++++ EXERCISE INPUTS

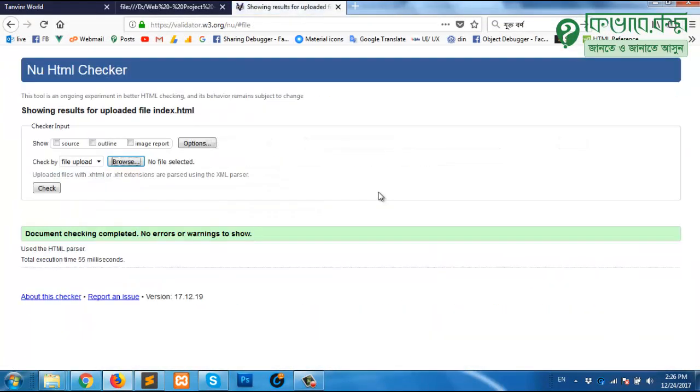Wait for a while. Document checking complete, no errors or warnings to show. Done.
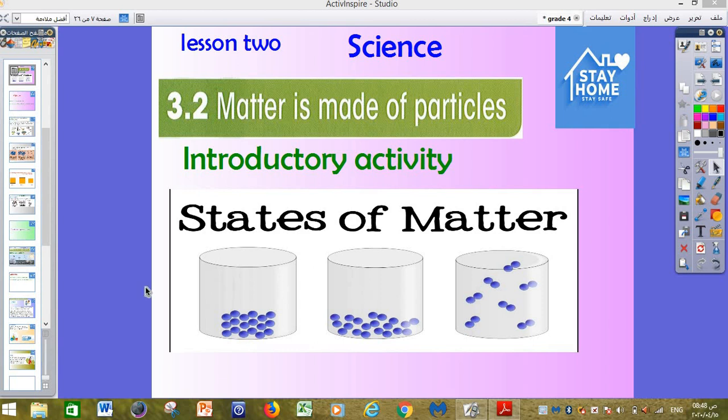Bismillah ar-Rahman ar-Rahim. Assalamu alaikum wa barakatuh. Hi guys, how are you? I wish you are okay, I wish you safe insha'allah. This is Samuel Muhammad, science teacher, and this is lesson number 2.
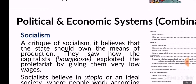You also have socialism, which is another type of economic system. Socialism advocates some type of state ownership of the means of production — meaning the state should own land and resources. The reason why socialism exists is because it is actually a critique of capitalism. Socialists believe that capitalism has resulted in a lot of inequality and exploitation. They saw how capitalists — the bourgeoisie — exploited the proletariat by giving them very low wages.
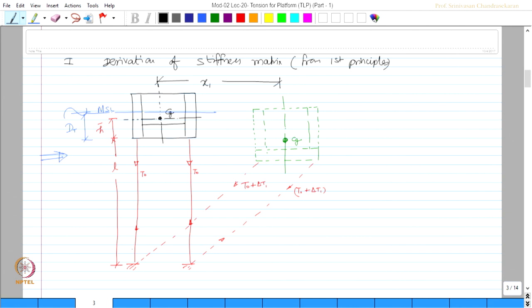The restoration will again happen by the tension by the cables or by the tendons. The tension in the cable will be T0 plus delta T1. There is an increase in tension because of the displacement. We believe and assume that the tension in this cable is also of the same amount which is T0 plus delta T1. So what we have done is we have given displacement of x1 to the system. Now, the tethers undergo an angle of rotation which is gamma x. Now, what is K_ij?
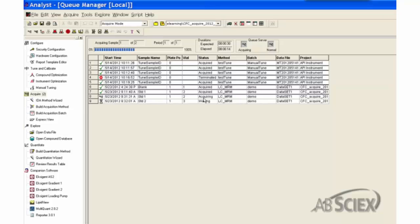After the sample is finished, the system will automatically start the sample analysis of the next sample in the queue.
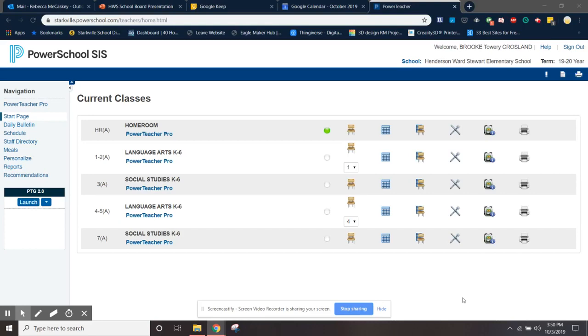Hey guys, I'm going to show you how to print out grade verifications. So the first thing you need to do is log in to PowerSchool.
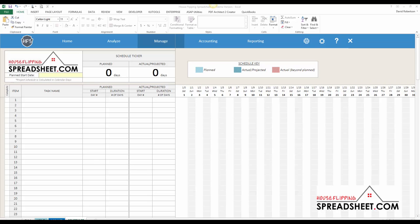The first task for setting up the project scheduler is to input the planned start date. The planned start date is the date that will be used as the starting point for the entire project schedule.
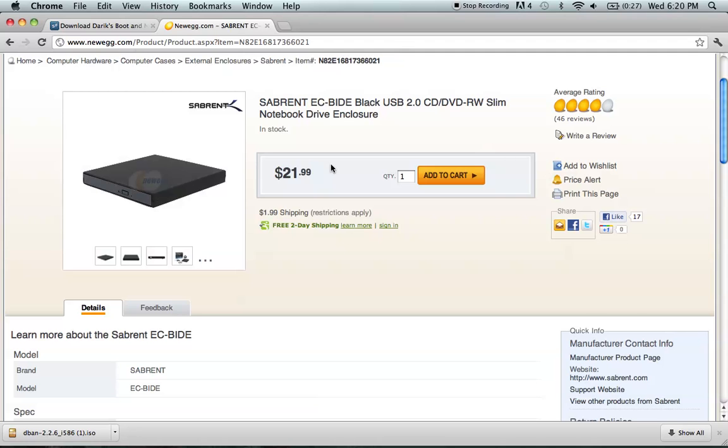Will my computer be dead after using this? No, you will still be able to access your motherboard system BIOS which is enough to be able to reinstall your operating system. Your computer will still be completely usable and I'd recommend reinstalling an operating system before you sell it. People you sell it to will not want to have to do that themselves.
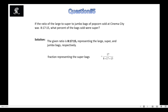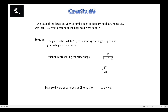Simplifying, we get 17 upon 40. But this is only the fraction of the sold super bags. Since we are asked about the percentage, we multiply by 100 to convert the fraction into a percentage. The bags sold that were super-sized at Cinema City equals 42.5 percent.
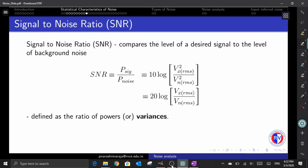We can use the variance or the RMS value to define the signal-to-noise ratio. The SNR is defined as the ratio of signal power to noise power, and can also be defined in terms of mean square or RMS values. The study of the probability distribution function returns the noise power or variance, using which one can compute the signal-to-noise ratio.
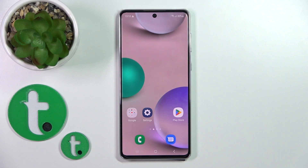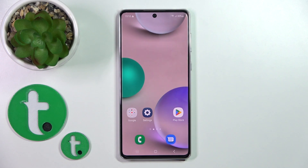Hi, today this is a tutorial for the Galaxy A73, and I'll show you how to turn on the Always On Display option on this device.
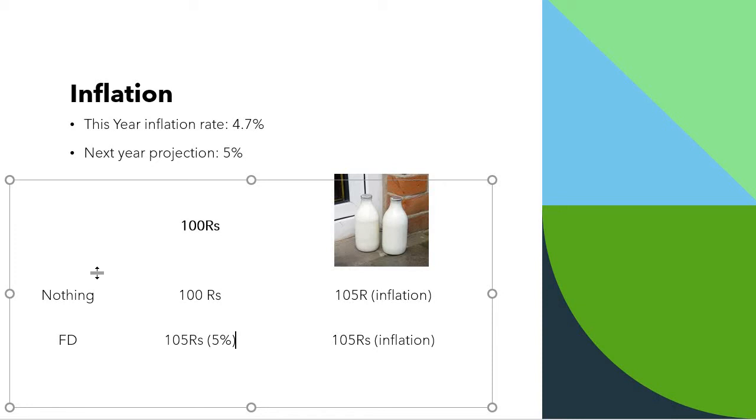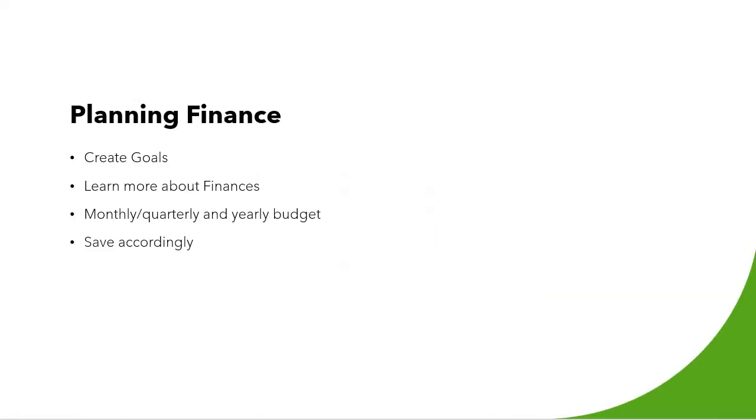So with proper financial planning you can either fulfill your goals and you can also beat the inflation. So let's go to financial planning. How do we go about it? First step of the financial planning can be to create goals. Now goal can be anything. It can be if you want to buy a car or if you want to buy a house, if you want to save for your child's education or his marriage. The first step is to create a goal. Create the proper duration of that goal.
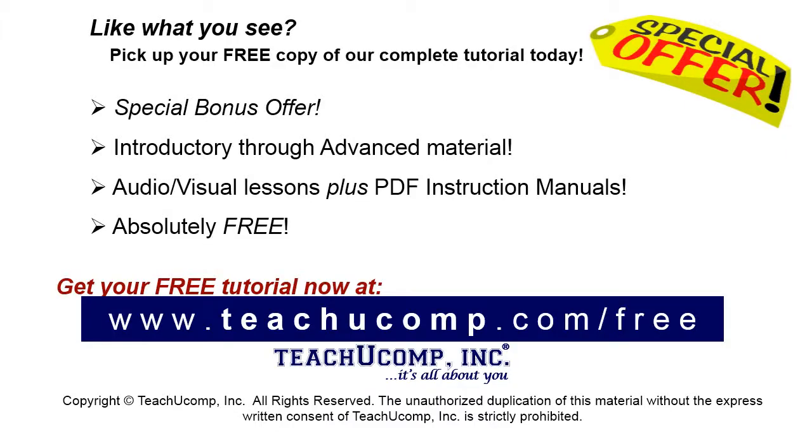Like what you see? Pick up your free copy of the complete tutorial at www.teachyucomp.com forward slash free.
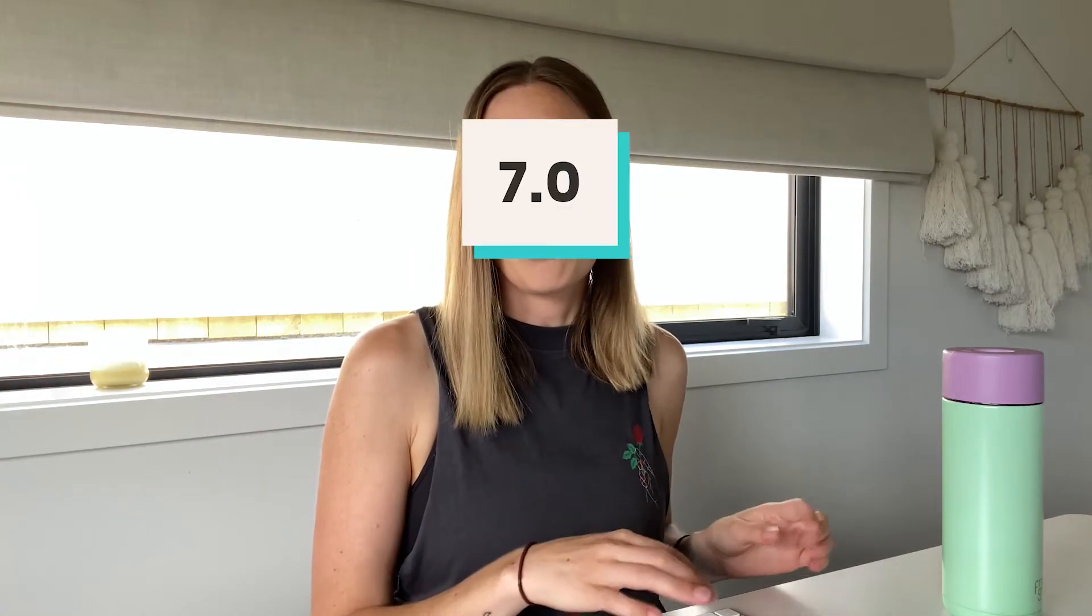Squarespace 7.1 has made adding a fixed header really easy. The feature is built in so there's no code needed but Squarespace 7.0 is a bit trickier as it depends on what template you're using and if it's not available in that template you will need to code it in. But we'll cover all of that in the video so let's get started.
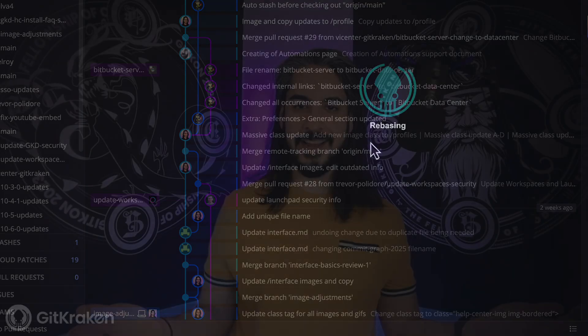All right, that brings us to the end of this video. Remember, GitKraken desktop is here for every stage of your development workflow. And from all of us at GitKraken, we hope you stay legendary.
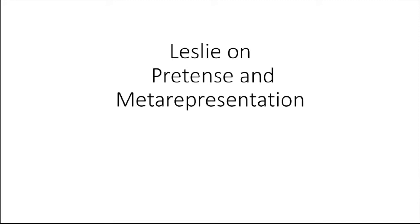Today we're going to talk about Leslie's meta-representational model of pretense and its relationship to theory of mind. What is mind reading?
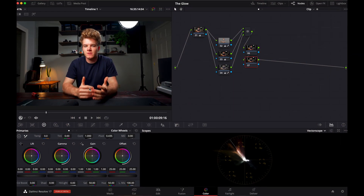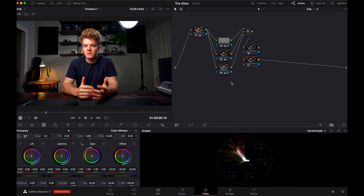We're in DaVinci Resolve. You're going to open up your coloring panel. This is right after you've color graded all of your footage, put your edit together, everything in a nice little package — you've got your look that you're going for. Now what you're going to do is make one more node to your footage.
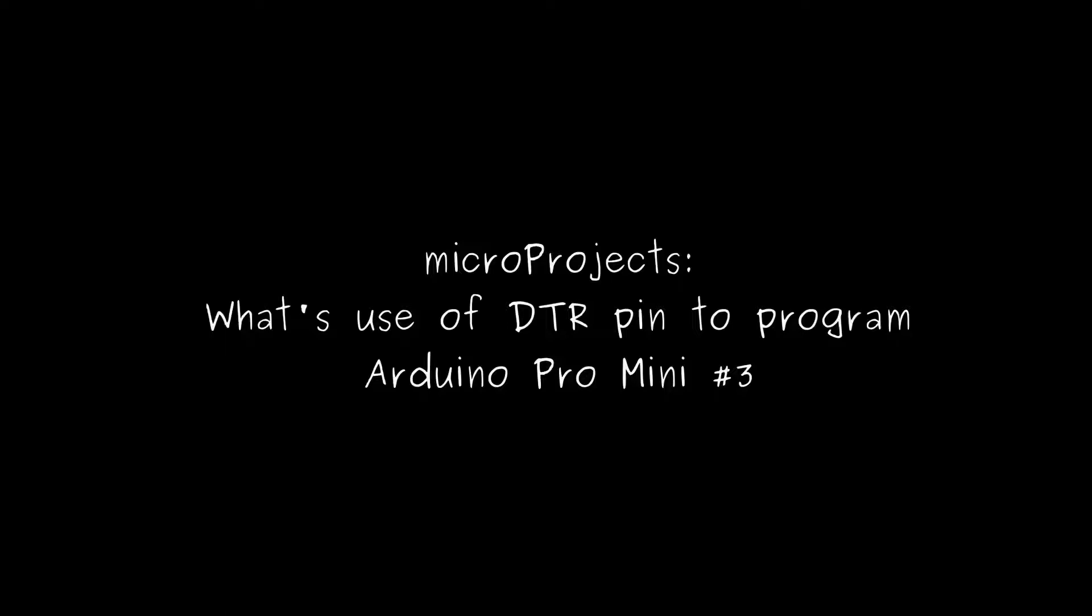Hi guys, micro projects are small videos where I take a look at anything that I find interesting. In this video let's take a look at the DTR pin of Arduino Pro Mini.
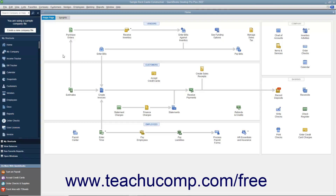Another tool that helps you complete the most common tasks in QuickBooks is the icon bar. The icon bar appears at the left side of the QuickBooks window by default. However, you can also place it at the top of the window if you prefer. Note that changing its placement does impact some of its functionality in QuickBooks. The icon bar can also be hidden if preferred.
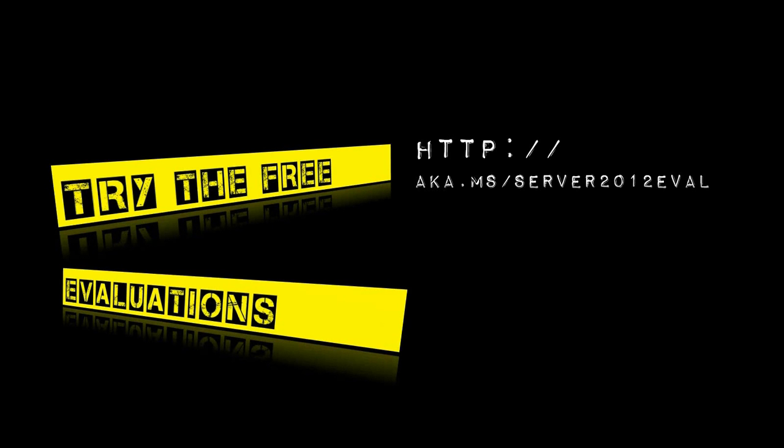Thanks very much for watching this video on connecting your config manager environment up to Windows Intune. If you want to give it a go, please go and download the evaluations for Server 2012 and for System Center 2012.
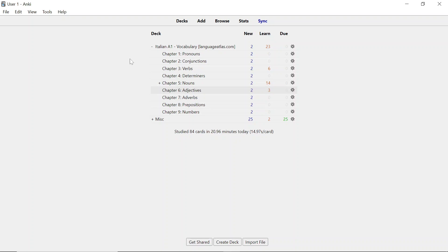So that was it for this video. I hope I have been able to show you everything you needed to know for Italian A1 vocabulary. You can get the deck on languageatlas.com. If you have any questions, please feel free to write them in the comment section or just send me an email. I will put all the important information in the description comment section. Thank you so much. Once again, if you want to get the deck, you can go to languageatlas.com. This has been Sam from Language Atlas, and I hope you enjoyed it. I wish you good luck with learning the Italian language. Goodbye!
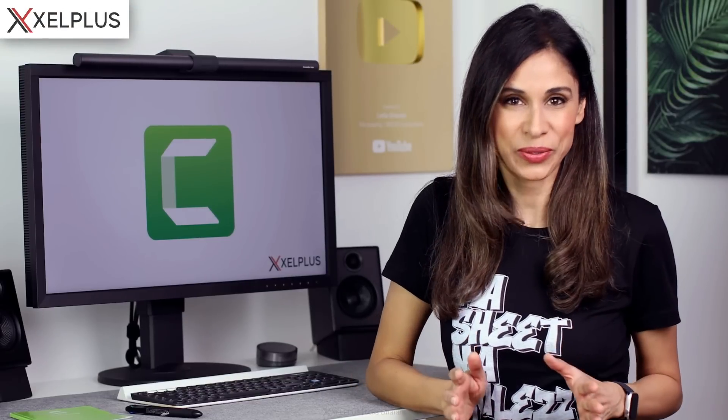Camtasia 2022 is here. In this video I want to show you some of the major improvements it got and there are two things that I'm especially happy about. But let's start from the beginning.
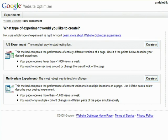Google Website Optimizer is a free multivariate testing tool from Google that helps you do just that. It eliminates guesswork from website design because you can test variations of your web pages.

++++++++

From the material above, reproduce only what runs from the line holding "We can use the" down to the line holding "So with proper", both included, pictures excluded.

We can use the variance or the RMS value to define the signal-to-noise ratio. The SNR is defined as the ratio of signal power to noise power, and can also be defined in terms of mean square or RMS values. The study of the probability distribution function returns the noise power or variance, using which one can compute the signal-to-noise ratio.
Hi, today this is a tutorial for the Galaxy A73, and I'll show you how to turn on the Always On Display option on this device.
So with proper financial planning you can either fulfill your goals and you can also beat the inflation. So let's go to financial planning. How do we go about it? First step of the financial planning can be to create goals. Now goal can be anything. It can be if you want to buy a car or if you want to buy a house, if you want to save for your child's education or his marriage. The first step is to create a goal. Create the proper duration of that goal.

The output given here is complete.